The Ringers applied our berserker method of Kubb which remains successful. The berserker method means we play to win and take no prisoners. We exploit any and all weaknesses. And our goal is never simply to hold them back, but to make progress every round. Every round another kubb goes down or we aren’t satisfied. And if you give us a line, we’ll use it. There were a few challenging games but overall we cruised to victory, coming out on top of 48 teams to earn the Championship title of the second largest Kubb tournament outside of Europe.
I learn more Viking history every time I play. Now I know that the game of Kubb was spread throughout Northern Europe by the vikings early on . I’m pretty certain the village my ancestors are named after, Ehlerang, was named such for the “ringers” back in Luxembourg that probably destroyed other clans on the Kubb court hundreds of years ago. Those genes have been refined and passed down through generations. The Ringers are here to stay.
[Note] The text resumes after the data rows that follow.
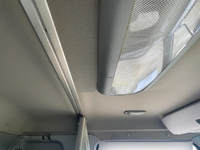 日野レンジャー冷凍車（冷蔵車）中型（4t）[写真18]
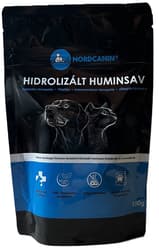 Nordcanin Humin for pets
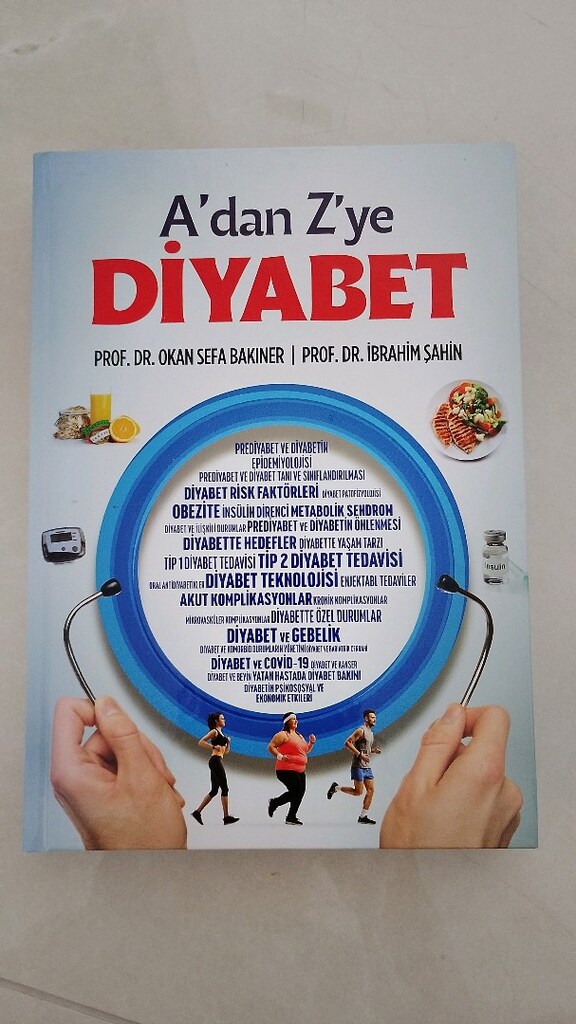 tus, endokrin, diyabet, iç hastalıkları, hematoloji,tiroit, - 15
Tuesday, May 31st, 2011 | family | No Comments
I’ve been going to this place since I was a kid. I get scared every time I climb the tower, and my legs shake when I get back down all the way to the bottom. Now my kids are climbing it every year, too. We visit family and ancestors along the way. If there is a homeland, a longing deep inside for a particular geographical location, a deep connection to land – this is it for me. Along HWY 74 in Minnesota you’ll find an amazing treasure trove of nature and immigrant history, including those of my family coming from Luxembourg to this paradise we call home – the upper Mississippi, the driftless area. Now lined by the Dorer pools housing countless birds and reptiles, the Whitewater River carved a beautiful, bountiful valley. Climb the Elba Fire tower and you can see it all.
Monday, May 30th, 2011 | family, food | No Comments
I’ve become more serious about farming this year. I’m still in the question-asking phase. What does it mean to be a farmer? To grow food? How much? What if you fail, are you still a farmer? Do you need to make money at it?
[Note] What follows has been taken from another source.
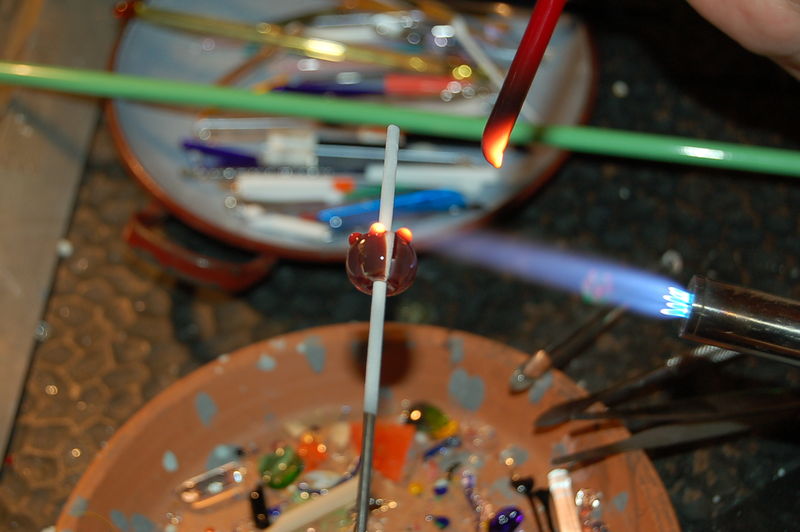 Datei:Blümchenkurs 2-9.JPG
We have a family farm. My parents have 10 acres near town, and I spend at least part of a few days out there every week. Dad and mom do most of the work, but I help with planning and labor. The kids help out too. This year is a big experiment in cultivating and planting two acres. We have a tractor to help with some of the jobs, but most things are done by hand.
I think of my grandpa Sy a lot. I remember him as a hard working farmer, and he died working on a tractor. I think he was pretty successful as a farmer, raising a whole lot of kids and animals and food. I like this picture because it shows him vulnerable, making a mistake. Sometimes I feel like that’s all I’m making – mistakes!
Wednesday, March 16th, 2011 | animals, family, food | No Comments
We’re producing about a dozen and a half eggs per day. That’s more than our family can eat. We’ve found selling on the road an easy way to meet neighbors. Bonus for it being legal, too. We put our ungraded mixed colored eggs in a cooler by the road with a sign nearby. Inside the cooler there is a brief description of the eggs and a suggested price. People voluntarily pay on average exactly what we would charge if we wanted to have a set price, which we don’t!
Today was the first day I put out our new sign. I sold a dozen before I could walk away from it. We sold out by afternoon. We have enough money in the farm jar to afford a new batch of chicks for the spring. We hope to have 50 layers as a top end, which would hopefully be enough to break even.